Parte dessa circunstância especial, de acordo com o promotor, deve-se ao fato de D4vd, em abril passado, “estar à espreita, assassinato para obter ganhos financeiros e assassinato de uma testemunha em uma investigação criminal”. Essa testemunha foi a própria Hernandez, então com 13 anos, por crimes sexuais contra ela cometidos pela sensação do TikTok.
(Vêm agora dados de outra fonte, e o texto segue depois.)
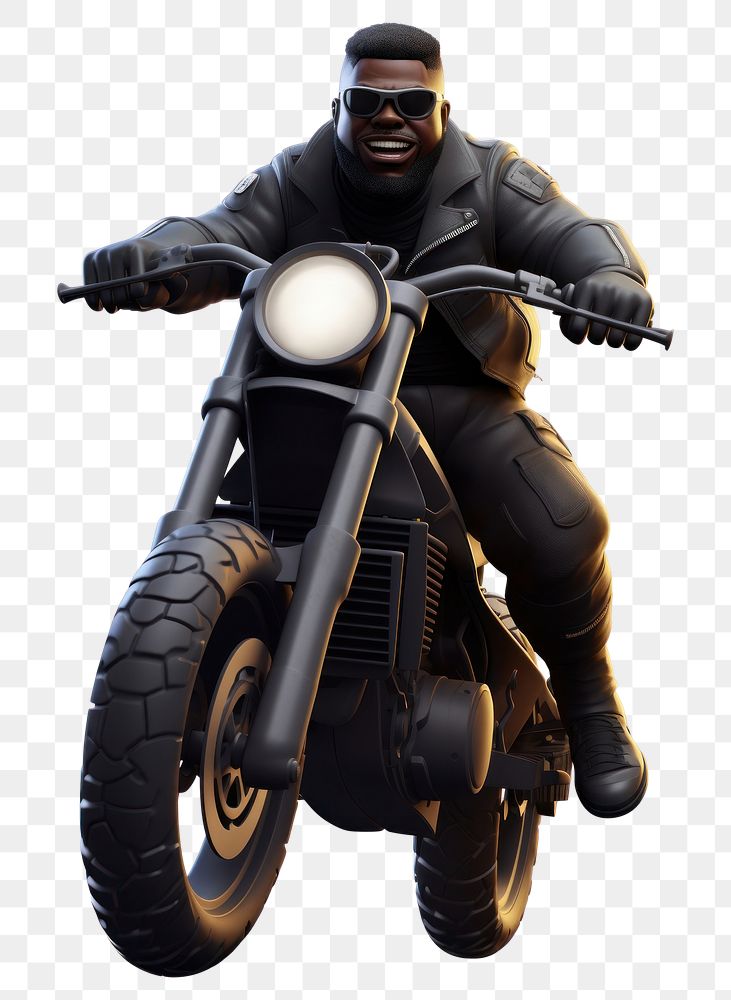 PNG Motorcycle vehicle cartoon helmet. AI generated Image by rawpixel.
Hernandez foi vista pela última vez em 23 de abril, pouco antes de ir para a casa de D4vd em Los Angeles.

Além disso, D4vd enfrenta acusações de “atos sexuais obscenos e lascivos” com um indivíduo menor de 14 anos de idade. Semelhante ao suposto assassinato de Rob e Michelle Reiner no final do ano passado por seu filho mais novo, Nick, o promotor ainda não tornou público se os promotores buscarão a pena de morte ou se optarão pela prisão perpétua sem liberdade condicional para D4vd.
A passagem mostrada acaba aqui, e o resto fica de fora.